The Morrow triplets were all home-schooled through their high school years. Since they all earned high honors through online correspondence courses offered by a school in California, you could say they were triple A-plus students.
“I didn’t think that was very challenging. The biggest difference between high school and college was college was actually challenging,” said Alex Morrow, who graduated cum laude with a new media degree from the College of Liberal Arts and Sciences. “I got my ass kicked freshman year. I did really well, but I really had to work hard to get through it.”
Jillian graduated from the same school as Alex, only with a degree in new media and a minor in studio art.
“People have told us we’re the only triplets to ever graduate the same year in the University system, but I don’t know if that’s true or not,” said Jillian Morrow, who lived with her sister in a dorm unit just down the hall from their brother’s.
True or not, parents John and Kate, who will celebrate their 30th wedding anniversary in October, couldn’t have been more proud of their children as they watched them accept their diplomas amid the pomp and circumstance.
“We’re just so pleased to be able to share that kind of moment with others who are parents, to see their children become adults very quickly,” said John Morrow, a health care consultant. “We just had three times the fun.”
Fun has been a constant with the Morrow family, along with learning, experience and travel.
“We lived in England about a year and a half when we were 6 and 7,” said Danielle, who would like to become an environmental consultant or researcher. “Then we came back to Baltimore and began traveling again around age 12 and went to France. That’s really when the home schooling began.”
The Morrow triplets, who were born in Baltimore, estimated that they moved an average of once every three months during their teen years. That made it hard to forge lasting friendships, but all three siblings say they wouldn’t trade the experience.
“I wouldn’t give up our travels for anything. Traveling made us who we are,” Alex said. “People joke that we never experienced high school, but from what I hear, I didn’t miss anything.”

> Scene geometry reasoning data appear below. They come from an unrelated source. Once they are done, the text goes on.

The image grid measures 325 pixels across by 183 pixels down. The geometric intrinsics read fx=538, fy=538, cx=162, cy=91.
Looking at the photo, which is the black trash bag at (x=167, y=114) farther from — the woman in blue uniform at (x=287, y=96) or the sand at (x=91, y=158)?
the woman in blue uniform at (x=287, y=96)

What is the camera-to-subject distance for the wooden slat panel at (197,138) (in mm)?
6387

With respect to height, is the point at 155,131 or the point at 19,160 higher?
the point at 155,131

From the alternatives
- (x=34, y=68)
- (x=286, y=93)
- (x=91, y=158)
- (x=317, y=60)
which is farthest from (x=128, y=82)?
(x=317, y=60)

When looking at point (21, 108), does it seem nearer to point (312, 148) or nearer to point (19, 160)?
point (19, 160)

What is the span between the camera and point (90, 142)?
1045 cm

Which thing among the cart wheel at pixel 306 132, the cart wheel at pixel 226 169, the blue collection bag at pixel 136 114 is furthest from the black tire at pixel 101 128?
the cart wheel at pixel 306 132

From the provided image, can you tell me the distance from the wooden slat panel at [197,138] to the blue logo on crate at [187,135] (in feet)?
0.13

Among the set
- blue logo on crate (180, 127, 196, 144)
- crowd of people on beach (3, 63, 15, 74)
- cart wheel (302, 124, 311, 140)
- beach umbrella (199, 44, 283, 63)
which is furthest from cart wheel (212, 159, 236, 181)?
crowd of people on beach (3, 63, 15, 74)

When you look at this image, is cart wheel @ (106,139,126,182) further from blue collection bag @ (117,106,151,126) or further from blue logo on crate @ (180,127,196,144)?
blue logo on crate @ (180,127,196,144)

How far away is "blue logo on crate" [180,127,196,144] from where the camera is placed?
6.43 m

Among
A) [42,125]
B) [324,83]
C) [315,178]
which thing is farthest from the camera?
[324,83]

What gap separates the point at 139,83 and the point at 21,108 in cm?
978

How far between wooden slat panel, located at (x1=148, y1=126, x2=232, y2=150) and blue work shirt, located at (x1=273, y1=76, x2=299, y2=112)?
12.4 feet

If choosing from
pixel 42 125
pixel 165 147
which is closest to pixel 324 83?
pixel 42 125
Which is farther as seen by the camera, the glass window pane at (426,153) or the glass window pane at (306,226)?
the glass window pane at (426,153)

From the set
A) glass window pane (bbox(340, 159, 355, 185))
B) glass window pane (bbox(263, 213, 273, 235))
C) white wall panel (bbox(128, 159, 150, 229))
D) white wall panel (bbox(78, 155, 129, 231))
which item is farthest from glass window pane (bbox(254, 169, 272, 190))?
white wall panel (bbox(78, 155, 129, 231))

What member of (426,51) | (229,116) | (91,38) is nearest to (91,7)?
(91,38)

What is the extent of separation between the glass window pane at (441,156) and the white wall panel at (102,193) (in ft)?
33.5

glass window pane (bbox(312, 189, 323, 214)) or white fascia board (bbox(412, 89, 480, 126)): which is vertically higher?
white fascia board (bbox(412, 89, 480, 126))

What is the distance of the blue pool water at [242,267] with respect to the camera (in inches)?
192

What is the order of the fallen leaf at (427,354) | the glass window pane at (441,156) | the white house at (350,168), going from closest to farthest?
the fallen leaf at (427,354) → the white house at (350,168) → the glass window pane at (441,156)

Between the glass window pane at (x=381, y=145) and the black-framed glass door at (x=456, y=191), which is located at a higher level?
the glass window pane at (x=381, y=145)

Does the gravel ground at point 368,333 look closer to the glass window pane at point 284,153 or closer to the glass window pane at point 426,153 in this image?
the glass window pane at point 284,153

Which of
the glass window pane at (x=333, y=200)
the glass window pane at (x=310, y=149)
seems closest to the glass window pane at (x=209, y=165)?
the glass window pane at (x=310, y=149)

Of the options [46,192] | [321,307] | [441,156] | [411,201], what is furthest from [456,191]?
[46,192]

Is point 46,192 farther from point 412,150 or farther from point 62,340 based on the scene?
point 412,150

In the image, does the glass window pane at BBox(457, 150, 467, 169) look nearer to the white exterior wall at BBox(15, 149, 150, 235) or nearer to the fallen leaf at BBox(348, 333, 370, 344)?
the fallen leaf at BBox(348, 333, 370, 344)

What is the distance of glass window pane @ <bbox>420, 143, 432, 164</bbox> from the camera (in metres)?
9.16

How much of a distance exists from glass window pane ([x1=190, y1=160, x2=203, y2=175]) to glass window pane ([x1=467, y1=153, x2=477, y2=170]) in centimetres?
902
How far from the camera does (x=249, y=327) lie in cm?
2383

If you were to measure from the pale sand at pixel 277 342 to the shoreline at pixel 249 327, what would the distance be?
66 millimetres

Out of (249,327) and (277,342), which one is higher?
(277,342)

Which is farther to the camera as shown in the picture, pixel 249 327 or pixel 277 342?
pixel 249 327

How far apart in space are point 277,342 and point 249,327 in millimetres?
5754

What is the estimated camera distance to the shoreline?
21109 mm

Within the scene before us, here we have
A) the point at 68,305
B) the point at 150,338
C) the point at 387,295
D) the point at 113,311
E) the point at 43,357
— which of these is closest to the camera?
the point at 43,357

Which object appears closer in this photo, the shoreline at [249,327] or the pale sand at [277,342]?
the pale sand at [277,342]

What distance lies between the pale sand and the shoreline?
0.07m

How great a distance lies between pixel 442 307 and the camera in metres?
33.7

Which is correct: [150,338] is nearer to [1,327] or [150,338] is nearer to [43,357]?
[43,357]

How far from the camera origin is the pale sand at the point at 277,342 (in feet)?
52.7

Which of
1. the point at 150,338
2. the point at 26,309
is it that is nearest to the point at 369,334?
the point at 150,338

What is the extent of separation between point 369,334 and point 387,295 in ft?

All three siblings agreed that traveling internationally provided invaluable life lessons they couldn’t get any other way, and all three traced their interest in art and artistic talent from exposure to art beyond textbooks, such as actually going to the Louvre in Paris and seeing priceless works of art firsthand.
“As for me, I would keep traveling if I could. Being in one place for four years was kind of stranger for me,” said Jillian. “We consider Maine and Belfast our home geographically, but I always consider home to be the place I am now.
“Home is really where your family is.”
Their family will likely become much more extended, a fact graduation day brought home.
“It hasn’t hit me yet that we’re not going to be together as much because we’re still living together and I have to move us home,” Danielle said with a laugh. “I think it would be nice if I could see you guys fairly often, but at the same time, I have a feeling we are going to be splitting up and that’s OK. That’s what people do, but we’re always going to remain very close.”
Dipesh Gongal, who transferred to UMaine from his native Katmandu, Nepal, two years ago, can certainly relate to remaining close to family, even when separated by thousands of miles.
The accounting and finance major graduated magna cum laude on the same day with cousin Prajesh Gongal, who graduated summa cum laude from the College of Engineering with a degree in chemical engineering.
“It’s always good to have family beside you,” said Dipesh, whose parents were not able to travel from Katmandu to attend Saturday’s ceremony. “They could not come, but I have two sisters and my brother-in-law with some friends here today.
“I didn’t think it would be such a big thing today, but as I got here and listened to people speak, I realized how big it was. I felt a lot of pride.”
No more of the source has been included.